## YOUR INSTRUCTIONS
All lines from the one containing "OH 45069, USA" down to the one containing "Huffy extent inch - extent, 20-inch", both ends included, are to be given again exactly; omit the rest of the listing below.

## SUPPLIED DATA
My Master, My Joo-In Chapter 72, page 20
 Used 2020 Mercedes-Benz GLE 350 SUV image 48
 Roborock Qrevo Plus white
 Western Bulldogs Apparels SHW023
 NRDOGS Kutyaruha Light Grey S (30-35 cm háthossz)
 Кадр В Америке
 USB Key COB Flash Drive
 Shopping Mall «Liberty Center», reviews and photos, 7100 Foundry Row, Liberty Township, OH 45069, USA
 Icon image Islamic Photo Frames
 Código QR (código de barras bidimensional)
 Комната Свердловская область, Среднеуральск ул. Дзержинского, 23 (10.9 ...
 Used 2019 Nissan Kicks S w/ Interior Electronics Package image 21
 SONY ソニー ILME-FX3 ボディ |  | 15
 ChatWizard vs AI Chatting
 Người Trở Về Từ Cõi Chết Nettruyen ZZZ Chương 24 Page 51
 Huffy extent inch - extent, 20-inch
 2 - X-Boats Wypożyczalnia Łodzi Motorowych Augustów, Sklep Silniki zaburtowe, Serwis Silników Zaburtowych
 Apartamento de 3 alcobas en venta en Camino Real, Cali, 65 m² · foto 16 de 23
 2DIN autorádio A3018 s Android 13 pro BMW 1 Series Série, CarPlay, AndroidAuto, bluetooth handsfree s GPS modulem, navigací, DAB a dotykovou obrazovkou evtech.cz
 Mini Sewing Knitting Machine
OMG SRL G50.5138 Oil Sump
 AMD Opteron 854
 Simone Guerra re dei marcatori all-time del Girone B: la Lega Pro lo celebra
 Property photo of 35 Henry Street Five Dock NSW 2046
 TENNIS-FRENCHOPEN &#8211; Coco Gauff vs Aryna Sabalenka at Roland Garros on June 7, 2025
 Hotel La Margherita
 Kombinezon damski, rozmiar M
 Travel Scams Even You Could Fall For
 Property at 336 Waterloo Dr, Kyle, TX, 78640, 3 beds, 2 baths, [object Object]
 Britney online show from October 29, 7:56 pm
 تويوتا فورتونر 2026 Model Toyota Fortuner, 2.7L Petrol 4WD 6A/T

## ANSWER TO THIS PROBLEM
 Shopping Mall «Liberty Center», reviews and photos, 7100 Foundry Row, Liberty Township, OH 45069, USA
 Icon image Islamic Photo Frames
 Código QR (código de barras bidimensional)
 Комната Свердловская область, Среднеуральск ул. Дзержинского, 23 (10.9 ...
 Used 2019 Nissan Kicks S w/ Interior Electronics Package image 21
 SONY ソニー ILME-FX3 ボディ |  | 15
 ChatWizard vs AI Chatting
 Người Trở Về Từ Cõi Chết Nettruyen ZZZ Chương 24 Page 51
 Huffy extent inch - extent, 20-inch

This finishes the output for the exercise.